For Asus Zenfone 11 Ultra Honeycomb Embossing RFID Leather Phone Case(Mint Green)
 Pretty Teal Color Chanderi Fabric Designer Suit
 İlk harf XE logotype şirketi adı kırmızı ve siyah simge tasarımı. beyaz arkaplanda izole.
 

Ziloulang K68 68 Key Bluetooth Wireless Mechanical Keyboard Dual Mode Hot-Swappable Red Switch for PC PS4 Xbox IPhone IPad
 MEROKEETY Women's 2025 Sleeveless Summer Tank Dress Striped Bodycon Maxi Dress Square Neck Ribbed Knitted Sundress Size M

◆ **TASK INSTRUCTIONS**
Write out exactly the lines from the line with "Ziloulang K68 68" to the close of the listing above, including both of those lines.

◆ **TASK RESPONSE**
Ziloulang K68 68 Key Bluetooth Wireless Mechanical Keyboard Dual Mode Hot-Swappable Red Switch for PC PS4 Xbox IPhone IPad
 MEROKEETY Women's 2025 Sleeveless Summer Tank Dress Striped Bodycon Maxi Dress Square Neck Ribbed Knitted Sundress Size M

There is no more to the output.